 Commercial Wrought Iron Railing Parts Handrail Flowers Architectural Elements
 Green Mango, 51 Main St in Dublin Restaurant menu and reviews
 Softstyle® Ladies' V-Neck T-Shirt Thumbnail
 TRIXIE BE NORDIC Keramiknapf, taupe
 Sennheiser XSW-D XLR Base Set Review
---*---
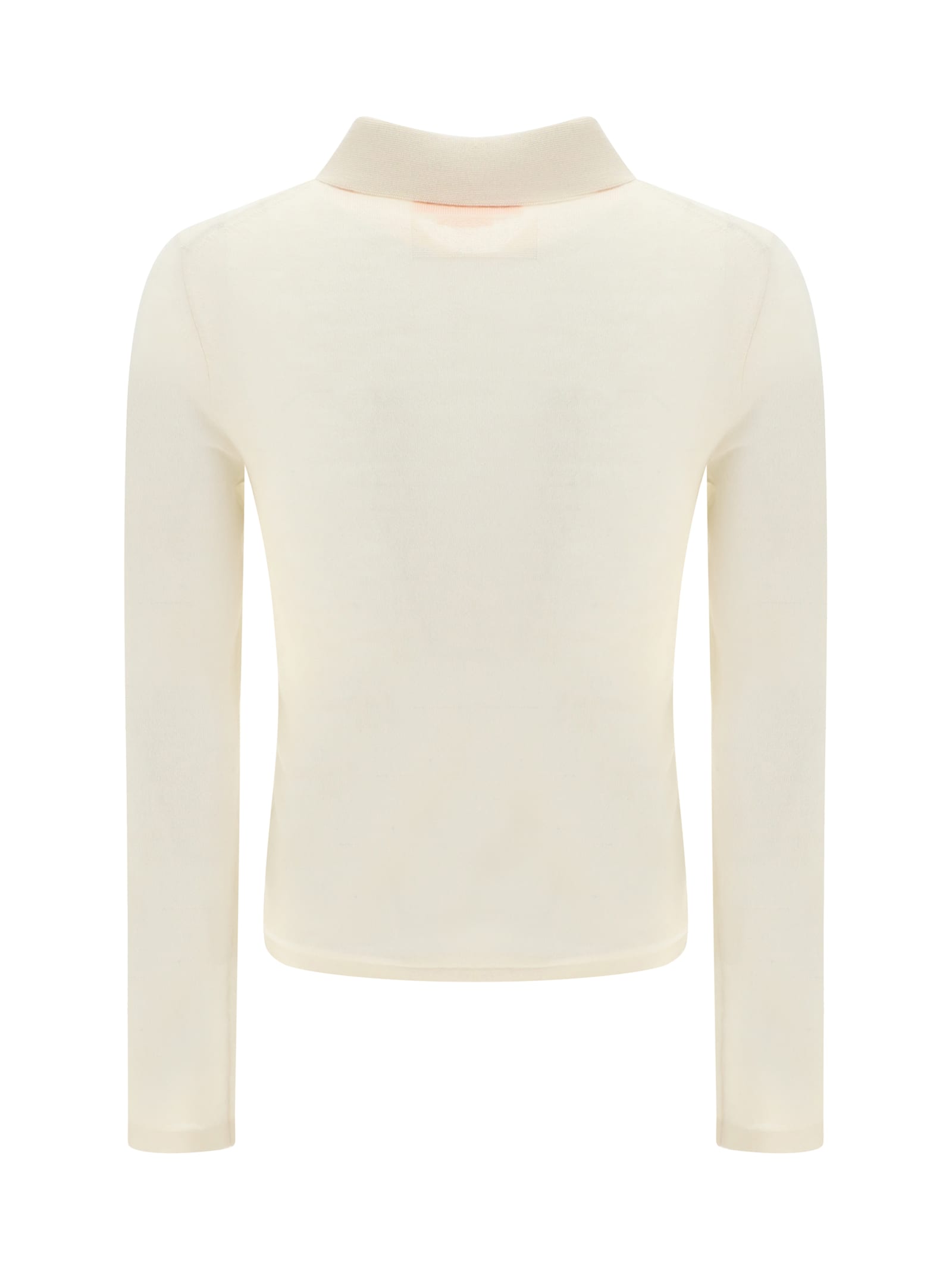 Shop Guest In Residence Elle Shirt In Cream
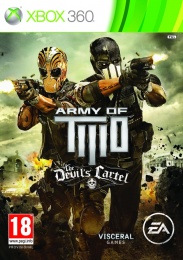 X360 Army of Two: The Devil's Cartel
---*---
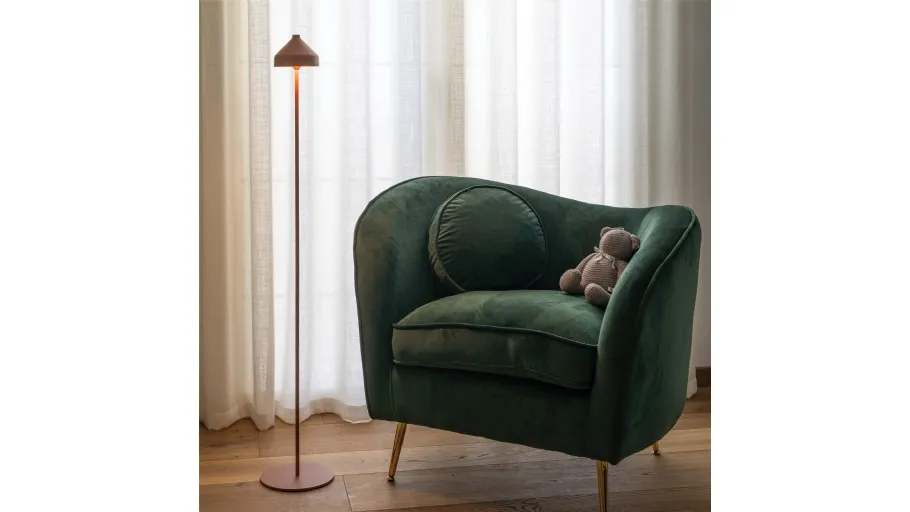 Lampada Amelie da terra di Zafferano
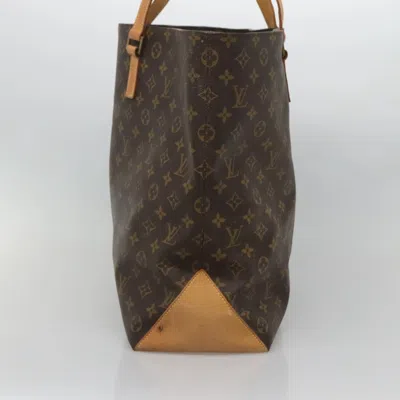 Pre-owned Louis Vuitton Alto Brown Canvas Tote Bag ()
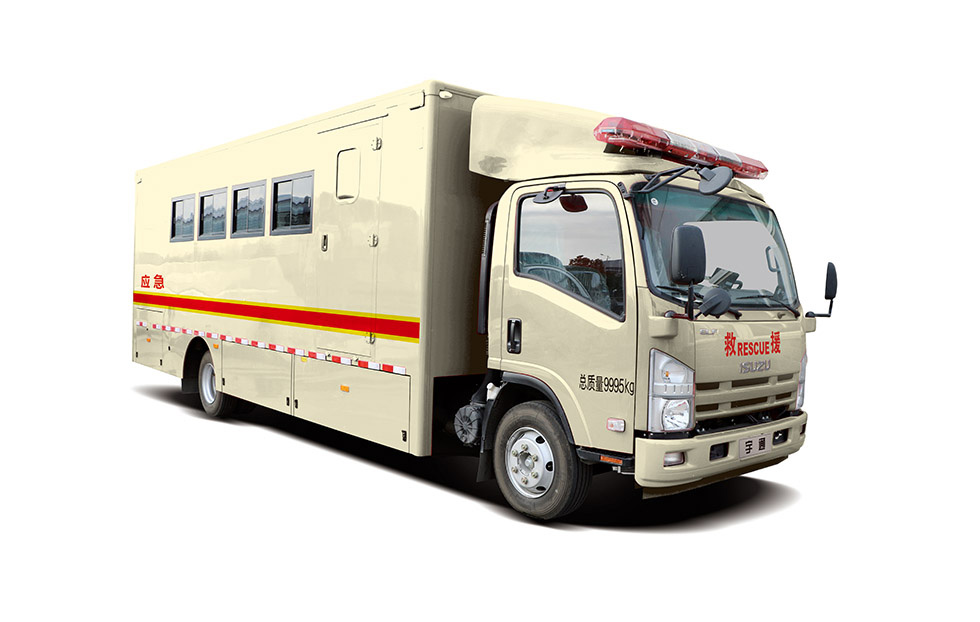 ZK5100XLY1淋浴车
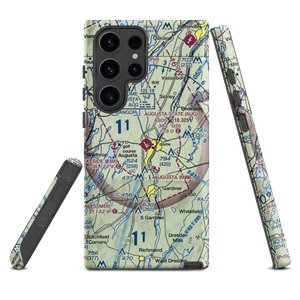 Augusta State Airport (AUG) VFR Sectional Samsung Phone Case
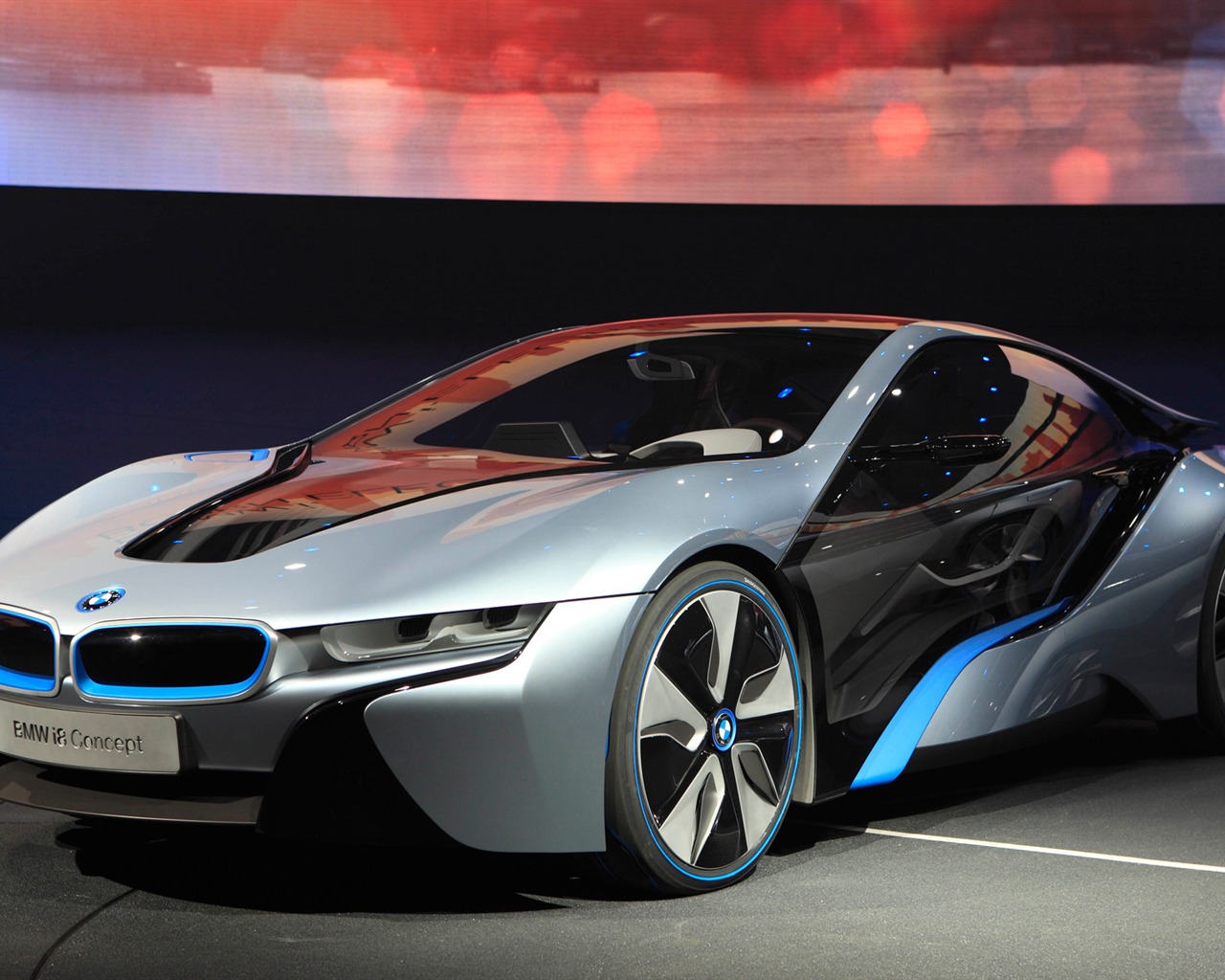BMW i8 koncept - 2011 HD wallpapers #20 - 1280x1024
---*---
* _Work item_:
Return word for word the lines above from the line with "Commercial Wrought Iron" to the line with "Sennheiser XSW-D XLR Base Set Review", including both and leaving out all others.

* _Written answer_:
 Commercial Wrought Iron Railing Parts Handrail Flowers Architectural Elements
 Green Mango, 51 Main St in Dublin Restaurant menu and reviews
 Softstyle® Ladies' V-Neck T-Shirt Thumbnail
 TRIXIE BE NORDIC Keramiknapf, taupe
 Sennheiser XSW-D XLR Base Set Review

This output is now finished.